**THE RECORDS:**
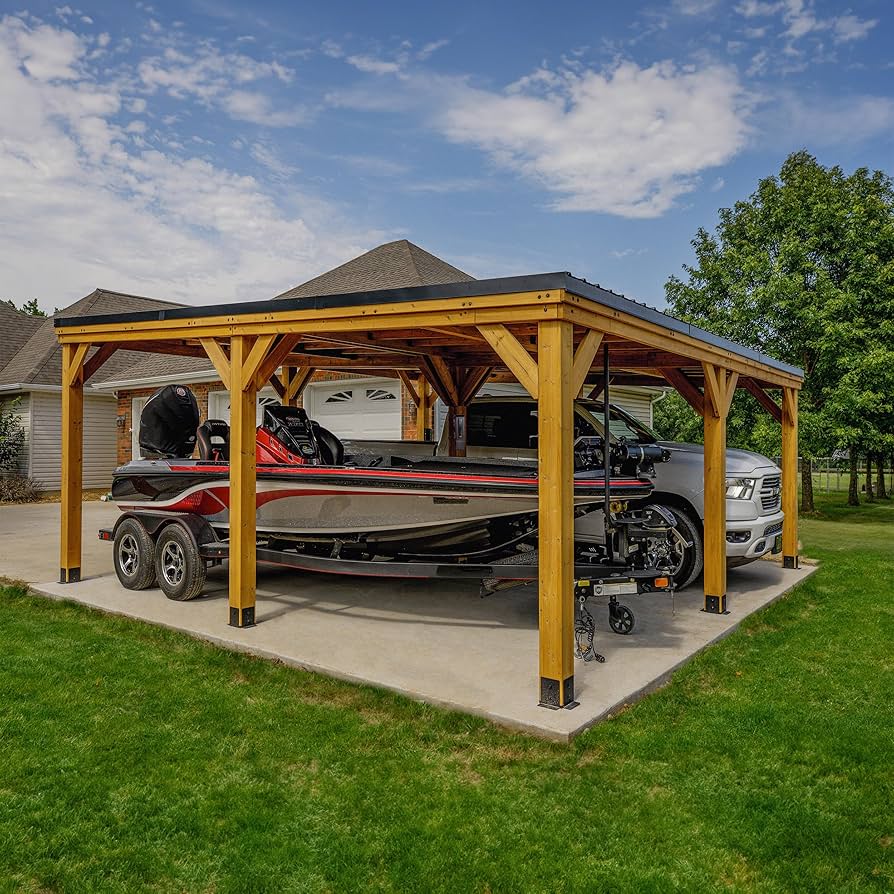 Amazon.com : Backyard Discovery Kingsport 20' x 20' Cedar Wood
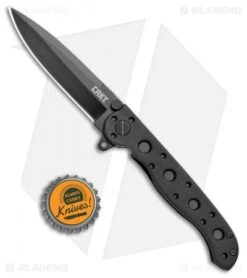 CRKT Carson M16-01KZ Tactical Zytel Folding Spear Point Knife (3" Black) -Knife Sale Shop CRKT Carson M16 01KZ Tactical Zytel SP Black BHQ 8901 jr bottlecap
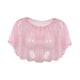 thumbnail image 2 of Chal de lentejuelas para mujer, chal para abrigo, ropa informal, chal de novia, chal de noche Rosa, 2 of 7
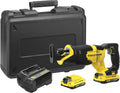 STANLEY FATMAX V20 Scie Sabre 18 V 25 mm Vitesse 0-3000 avec 1 Mallette 2 Batteries 2 Ah et 1 Chargeur 2 – gris/noir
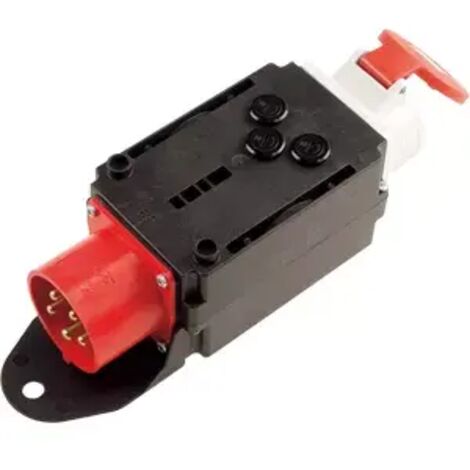 Bachmann CEE-Adapter 1xSt.32A 400V 1xDose 349.183
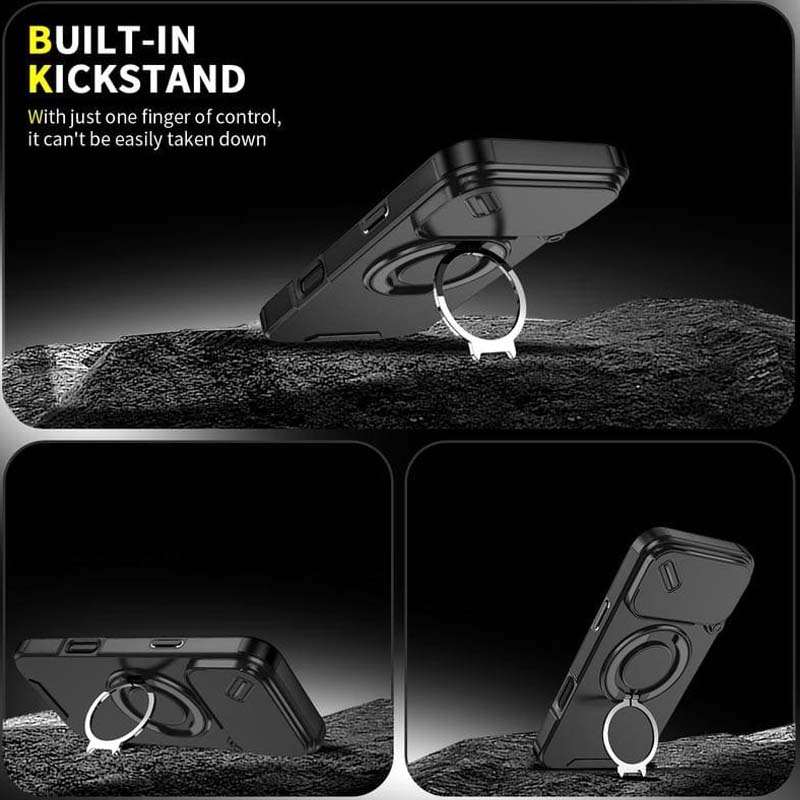 🔥 LETZ🔥TER TAG DER AKTION – 50 % RABATT 🔥 Magnetische Handyhülle mit Ringständer für iPhone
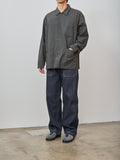 Namu Shop - Document One Wash Denim Layer Trousers - Indigo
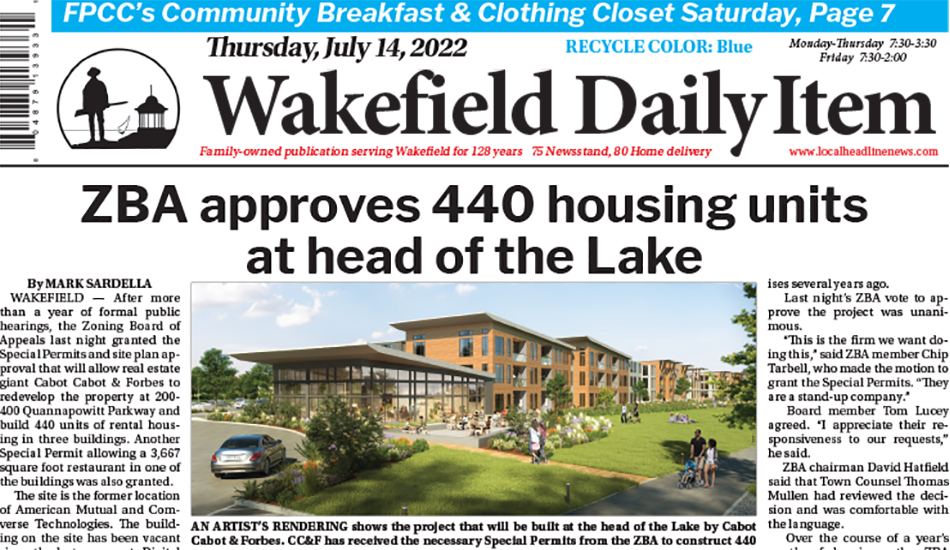 Front Page: July 14, 2022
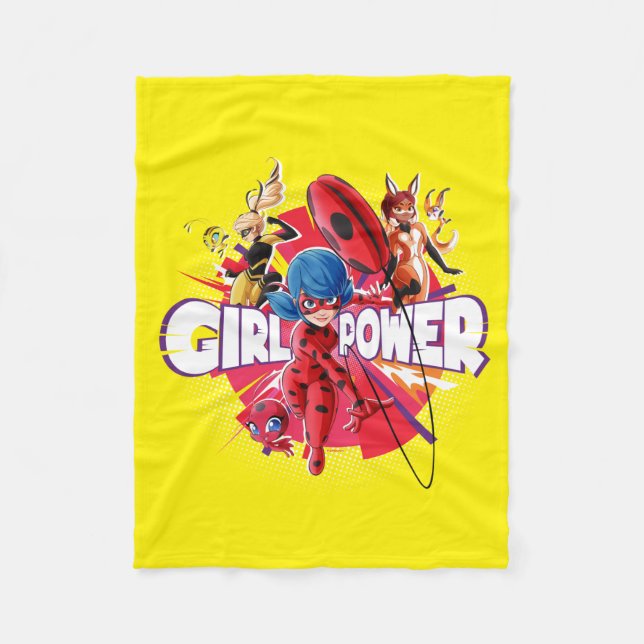Miraculous Girl Power Fleecedecke (Vorderseite)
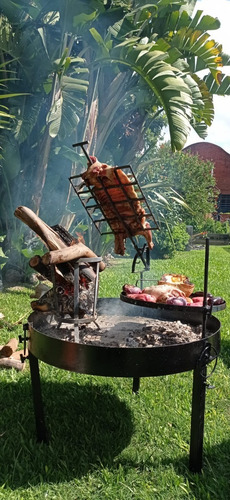 Imagen 5 de 8 de Brasero Leñero En Hierro Nuevo Para Fogonores Y Asadores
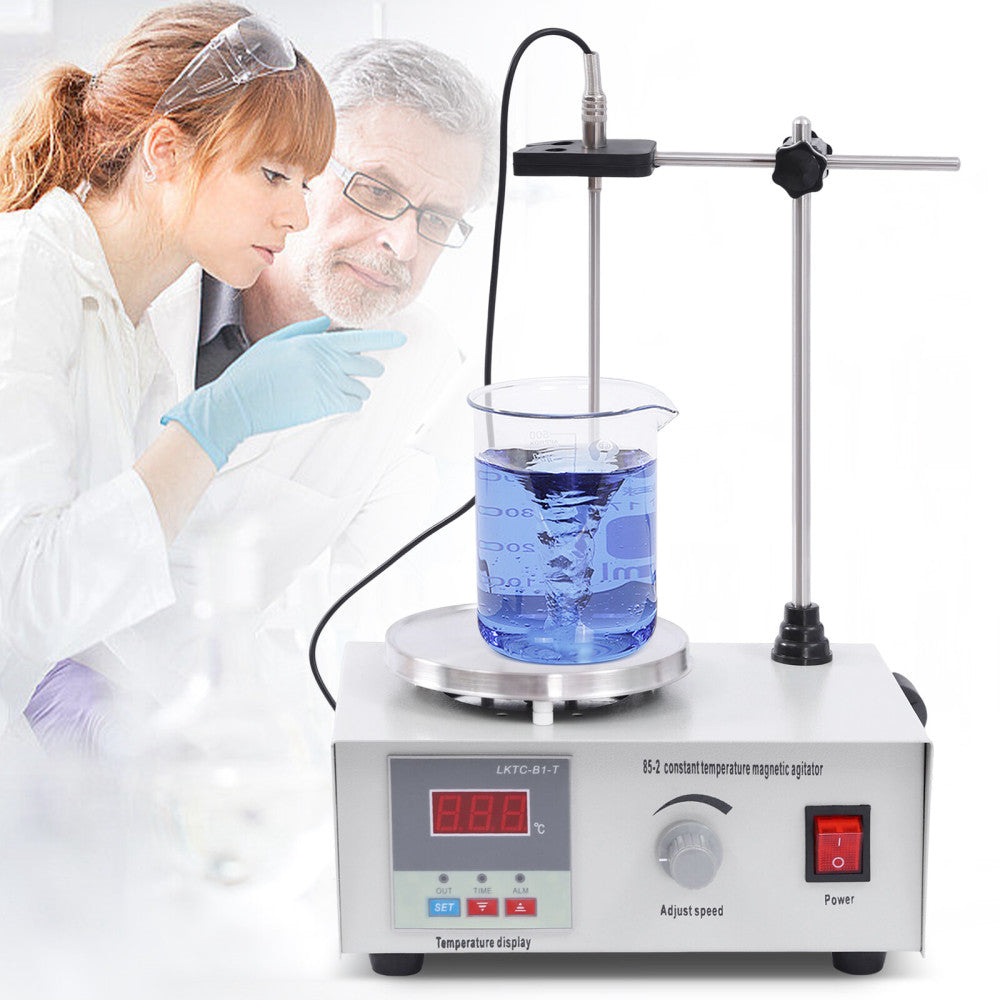 Magnetic Stirrer 2000ml Hot Plate Mixer with Digital Temperature Display 250W 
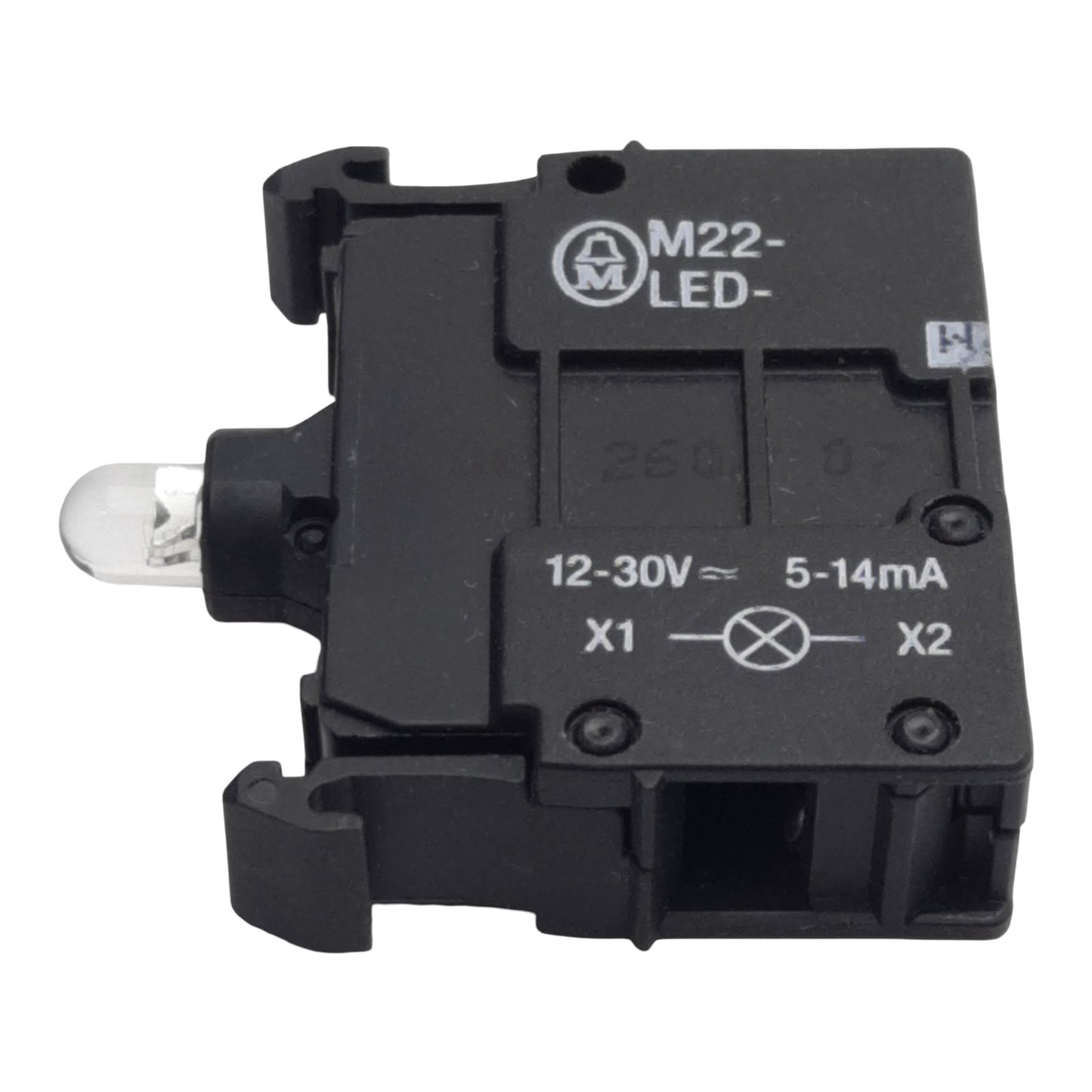 Used Moeller M22-LED-W Pushbutton LED Module, White, 12-30VDC/VAC 5-14mA, 22.5mm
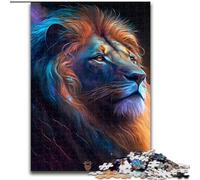 1000 Piece Jigsaw Puzzle Magic Lion cardboard Jigsaw Puzzles for Adults size 26x38cm Perfect for Family Fun, Party Games, Birthday Party Favors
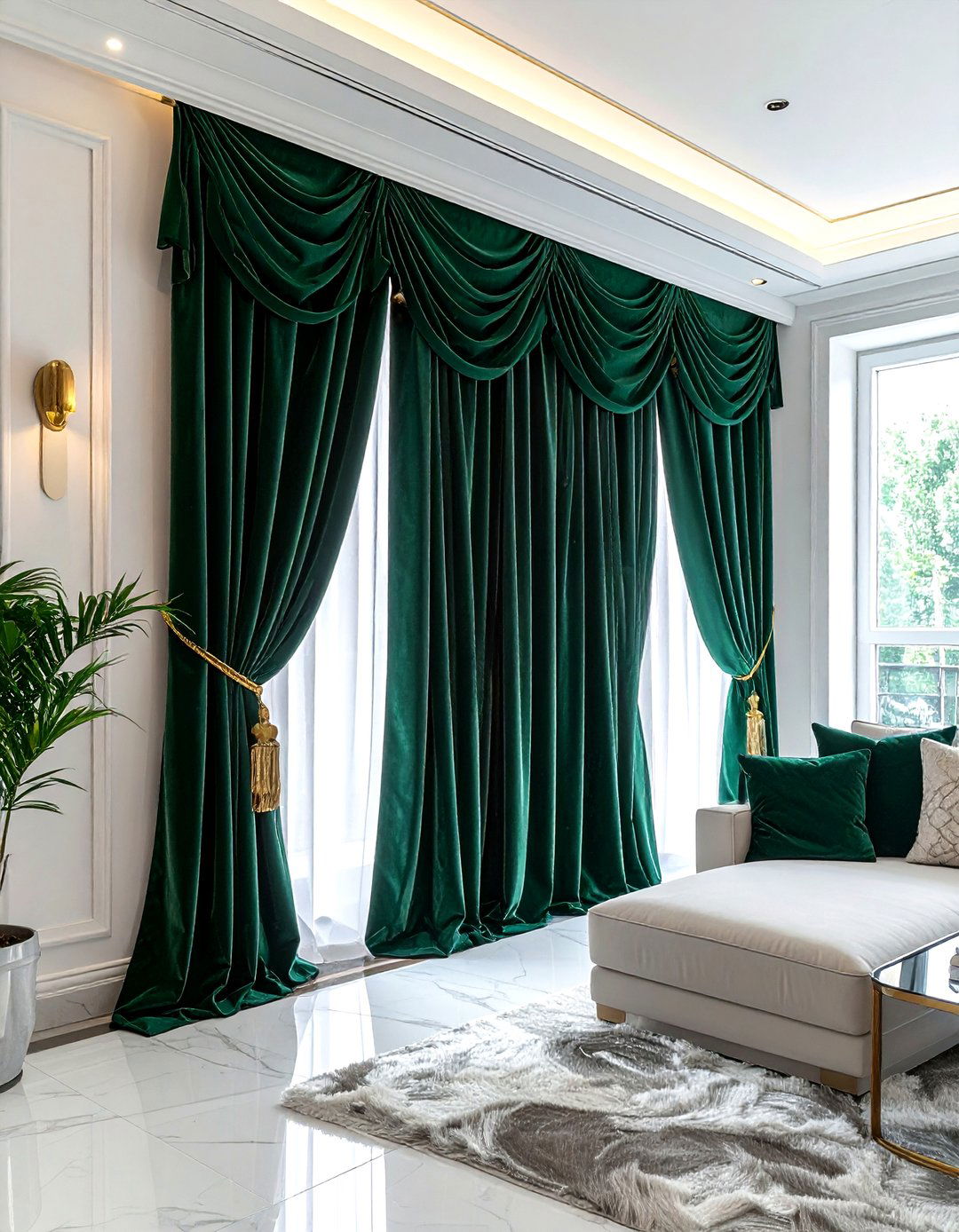 Velvet Valance - 30 living room window valances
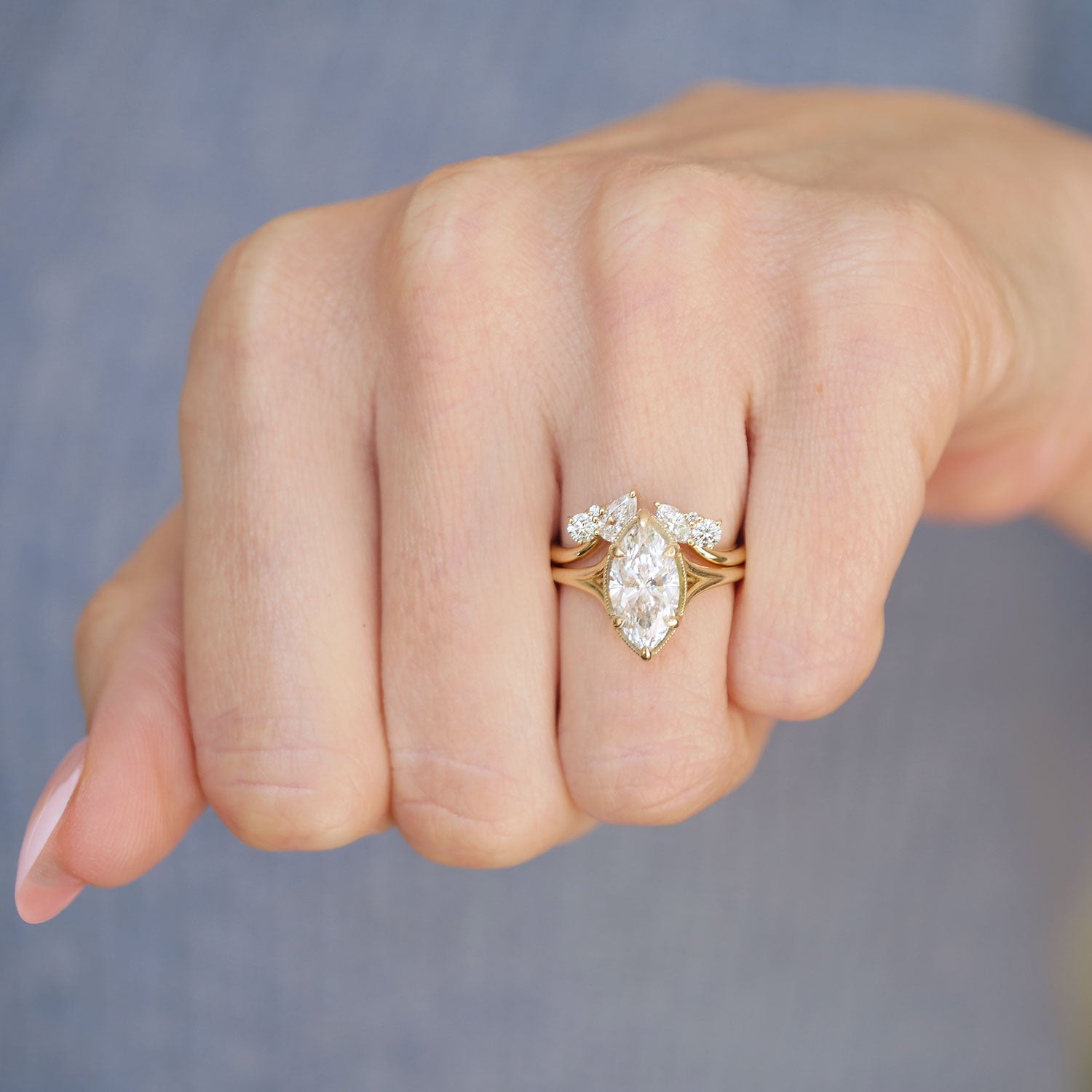 0.25 TCW Round Shaped Half Eternity Lab Grown Diamond Wedding Band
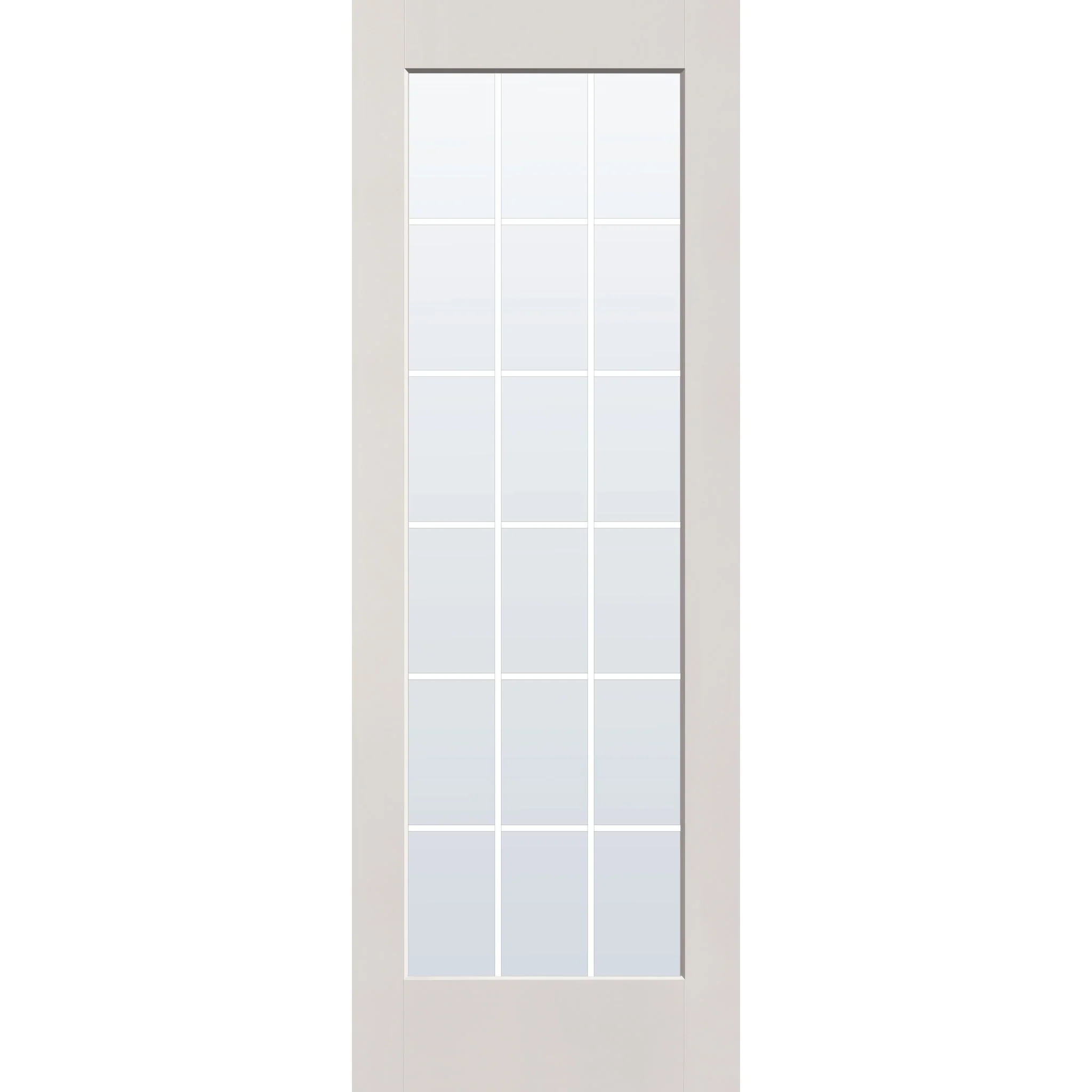 Grills Between Glass 18 Light Flush Glazed Fiberglass Entry Door - Full Lite (34" x 96") - Image 7
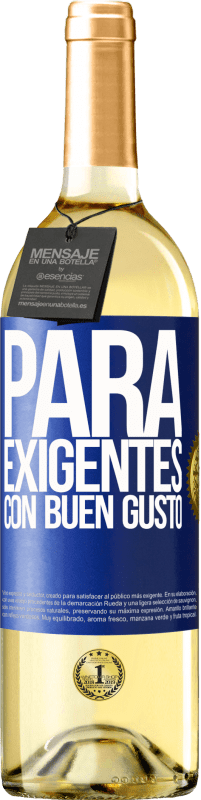 29,95 € | Vino Blanco Edición WHITE Para exigentes con buen gusto Etiqueta Azul. Etiqueta personalizable Vino joven Cosecha 2023 Verdejo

**TASK:** If an entry contains a picture, omit it; restate everything else word for word.

**TASK OUTPUT:**
 Amazon.com : Backyard Discovery Kingsport 20' x 20' Cedar Wood
 CRKT Carson M16-01KZ Tactical Zytel Folding Spear Point Knife (3" Black) -Knife Sale Shop CRKT Carson M16 01KZ Tactical Zytel SP Black BHQ 8901 jr bottlecap
 thumbnail image 2 of Chal de lentejuelas para mujer, chal para abrigo, ropa informal, chal de novia, chal de noche Rosa, 2 of 7
 STANLEY FATMAX V20 Scie Sabre 18 V 25 mm Vitesse 0-3000 avec 1 Mallette 2 Batteries 2 Ah et 1 Chargeur 2 – gris/noir
 Bachmann CEE-Adapter 1xSt.32A 400V 1xDose 349.183
 🔥 LETZ🔥TER TAG DER AKTION – 50 % RABATT 🔥 Magnetische Handyhülle mit Ringständer für iPhone
 Namu Shop - Document One Wash Denim Layer Trousers - Indigo
 Front Page: July 14, 2022
Miraculous Girl Power Fleecedecke (Vorderseite)
 Imagen 5 de 8 de Brasero Leñero En Hierro Nuevo Para Fogonores Y Asadores
 Magnetic Stirrer 2000ml Hot Plate Mixer with Digital Temperature Display 250W 
 Used Moeller M22-LED-W Pushbutton LED Module, White, 12-30VDC/VAC 5-14mA, 22.5mm
 1000 Piece Jigsaw Puzzle Magic Lion cardboard Jigsaw Puzzles for Adults size 26x38cm Perfect for Family Fun, Party Games, Birthday Party Favors
 Velvet Valance - 30 living room window valances
 0.25 TCW Round Shaped Half Eternity Lab Grown Diamond Wedding Band
 Grills Between Glass 18 Light Flush Glazed Fiberglass Entry Door - Full Lite (34" x 96") - Image 7
 29,95 € | Vino Blanco Edición WHITE Para exigentes con buen gusto Etiqueta Azul. Etiqueta personalizable Vino joven Cosecha 2023 Verdejo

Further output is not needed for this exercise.